Don Follis: A bit of serenity for the holidays
One of my main prayers has just two words: Thank you. Around the dinner table we sing this simple prayer, "For health and strength and daily food, we praise your name, O Lord."
As a young boy in the 1960s, I sang the centuries-old "Come Ye Thankful People, Come" with elementary-school children across America. The hymn begins, "Come Ye Thankful People come. Raise the song of harvest home. All is safely gathered in, ere the winter storms begin."
I always wondered what "ere" meant — "ere the winter storms begin." Well, it means before, as in "before the winter storms begin." Thus, thanksgiving is offered for the ability to gather in the harvest before the winter comes.
Is the winter coming? Of course, and as we all know, it may have nothing to do with frigid temperatures. One thing is certain about giving thanks for your many blessings. You don't give thanks while avoiding or denying reality — the coming winter.
Yes, winter is coming! This last week hearts went out to the people in the Philippines who were devastated by the worst Typhoon ever recorded, flattening the city of Tacloban.
When life comes right at us, as it always does, I find myself repeatedly turning to the famous Serenity prayer. Known to millions the world over, the prayer is attributed to American theologian Reinhold Niebuhr, who penned the prayer around 1940. It was printed and given to American troops during WW II, and it has been used for decades at Alcoholics Anonymous meetings.
In my view, it's the perfect Thanksgiving prayer. I encourage you to repeatedly pray it during the stressful holidays.
"Grant me the serenity [the peace] to accept the things I cannot change." How much of life is in your control anyway? Not your age, not the weather, not what other drivers do and not what people say about you behind your back. There's just a whole lot that's not within your control.
"Grant me the courage to change the things I can." You can change your attitude. You can smile more. You can change the tone of your voice. You can quit gossiping, with God's help. When things blow up at home you can go walk around the block and ask God what he wants you to do before you fly off the handle and say and do something you'll regret. You can practice the disciplines of silence and of not getting your own way on Thanksgiving Day, O ye of much entitlement.

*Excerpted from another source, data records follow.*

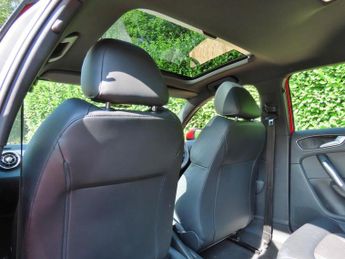 Audi A1 1.4 TFSI S line Sportback 5dr Petrol S Tronic Euro 5 (185 ps)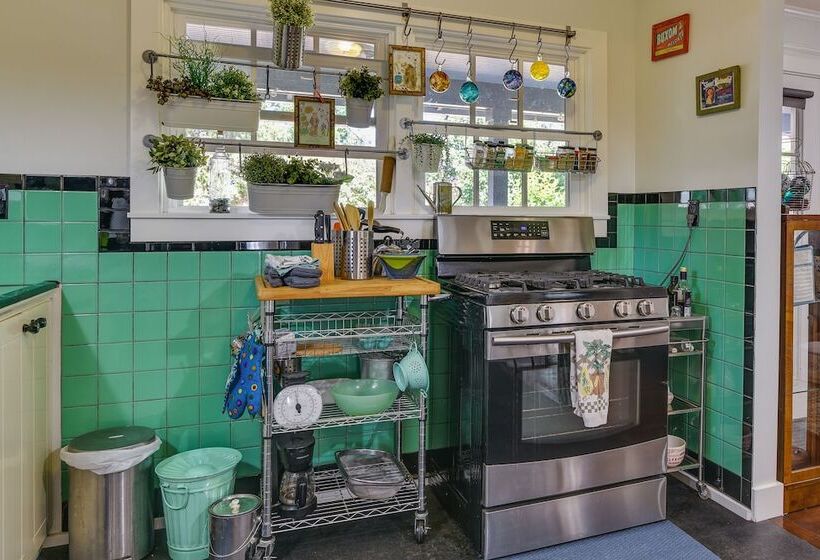 Charming City Cottage ~ 8 Mi To Downtown Portland!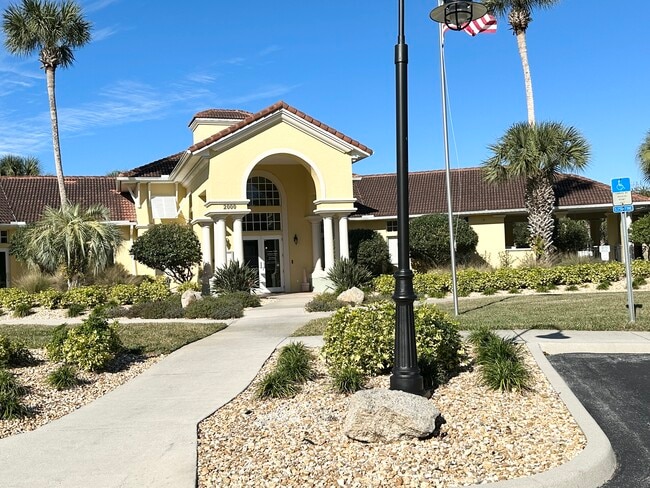 Building Photo - 900 Canopy Walk Ln
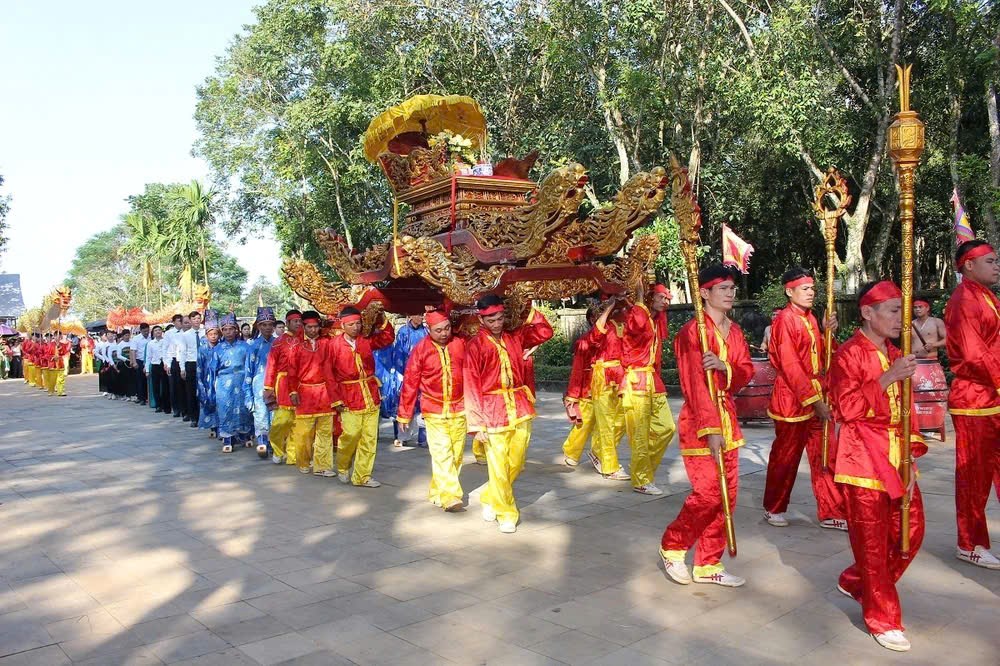 Dâng hương tưởng niệm Anh hùng dân tộc Lê Lợi và Trung Túc Vương Lê Lai  - ảnh 1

"And grant me the wisdom to know the difference." There is no virtue greater than wisdom. The writer of Proverbs says nothing compares to getting wisdom. So when do we speak up? When do we just let it go? When do we push in toward others? When do we give others space? Some things we can change. Some things we can't. Pray that this Thanksgiving you will be anointed with wisdom from on high.
Those three lines comprise the Serenity Prayer many people know. But the original prayer does not end there. It continues:
"Living one day at a time." Let yesterday go, friends. It's gone. Quit kicking yourself about what you did. And don't be boasting about tomorrow. "We only have today," said Mother Teresa.
"Living one moment at a time." Drill down and you discover you really just have this moment. So what are you going to say in the meeting you are in right now? Are you going to dissociate and think about tomorrow, over which you have no control, or are going to be present this very moment? Hello? Are you here? Or are your eyes glued to your Smart Phone?
"Accepting hardship at the pathway to peace." One person said, "You are either about to enter a storm. You are in the midst of a storm, or you are leaving the storm." Talk about a counter-intuitive statement. Most of us work hard to eliminate storms and hardships from our lives. But who is it who allays our fears and anxiety? Who is the one who created us and who sustains us day by day, even with hardships aplenty buffeting us?
"Taking, as He did, this world as it is, not as I would have it." Do you bury your head in the sand, hoping against hope that everyone on the planet will somehow get a fresh batch of Christmas cookies sitting on a spotless kitchen counter? That's called denial. Church father John Wesley faced reality head-on when he said, "Do all the good you can. By all the means you can. In all the ways you can. In all the places you can. At all the times you can. To all the people you can. As long as you can."
"Trusting that he will make all things new if I surrender to his will." The hardest step, by far, by far, in the 12-step program is step one: admitting that you are powerless. Who wants to admit to being powerless? And yet, can you do this life on your own, really? Does any have enough self-will to overcome adversity? Do you really want to take your fate upon yourself? What does it mean to you when you pray, "Your kingdom come; your will be done on earth as it is in heaven?"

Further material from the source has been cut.